Gerard, am 23. Juni erscheint dein neues Album „AAA“. Du stellt es dem Hörer bewusst frei, den Titel für sich zu interpretieren. Dennoch lieferst du mit der Entschlüsselung „Alles auf Anfang“ eine Steilvorlage, die in meinen Augen Sinn macht. Ist „AAA“ mehr Neuanfang als seine Vorgänger?

Gar nicht unbedingt, diese Auslegung steht eher für die immer schnelllebiger werdende Zeit, in der wir leben. Alles beginnt jeden Tag wieder von vorne und du kannst dich auf gar nichts mehr verlassen: Traditionelles, sicheres Denken macht heutzutage wirklich keinen Sinn mehr. So viele Dinge ändern sich so rasant, dass es sinnvoller ist, einfach Risiken einzugehen. Das ist auf der einen Seite herausfordernd, bietet andererseits aber auch viele Chancen und tollere Möglichkeiten als alle Epochen vor uns.

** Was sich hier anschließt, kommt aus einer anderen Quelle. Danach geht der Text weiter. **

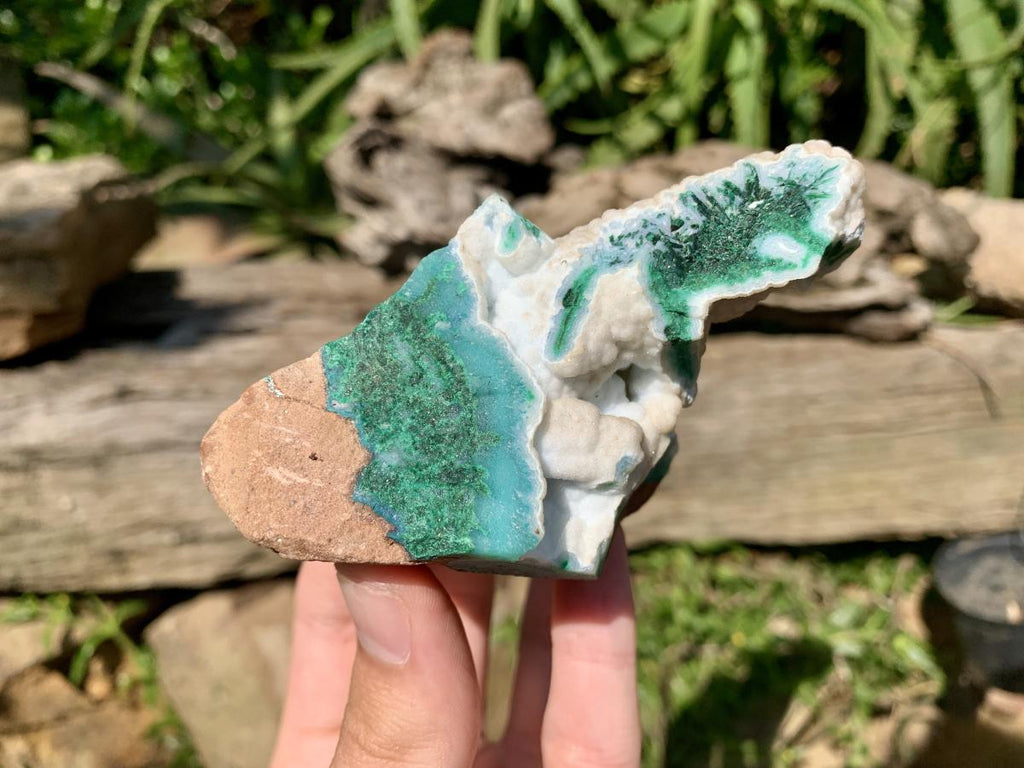 Natural White Dolomite With Malachite And Silica Chrysocolla Specimen x 1 From Mindingi Mine, Congo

Du beschreibst deine Alben als die Abschlüsse deiner jeweiligen Lebensabschnitte. Bildet das neue Album die Phase seit „Neue Welt“ gut ab und vor allem: Würdest du rückblickend sagen, dass das ein guter Abschnitt deines Lebens war?

Auf jeden Fall war das eine gute Lebensphase! Ganz unabhängig von seinen Abschnitten bin ich insgesamt sehr dankbar für das unheimlich glückliche Leben, das ich führen darf. Aber zurück zur Frage: Auf „Neue Welt“ hatte ich ja weniger persönliche Geschichten erzählt, so dass das jetzt anstehende Album auch die Phase zwischen „Blausicht“ und „Neue Welt“ bearbeitet und da eine etwas längere zeitliche Brücke schlägt. Meine Alben sind halt wirklich ein bisschen wie Bilderbücher: Ich habe für „AAA“ teilweise mit Leuten gearbeitet, die gerade mal Anfang zwanzig waren. Um mich besser in deren Lebensrealitäten hineinversetzen zu können, habe ich einfach mal mein Album „Blur“ von 2009 rausgekramt und reingehört, was entstanden ist, als ich so etwa in deren Alter war … Ich war ziemlich erstaunt über die präzisen Momentaufnahmen aus dieser Zeit (lacht).

Zur Inspiration hast du Urlaub in Austin Texas und New York gemacht. Inwiefern hat sich die Zeit dort auf das Album abgezeichnet?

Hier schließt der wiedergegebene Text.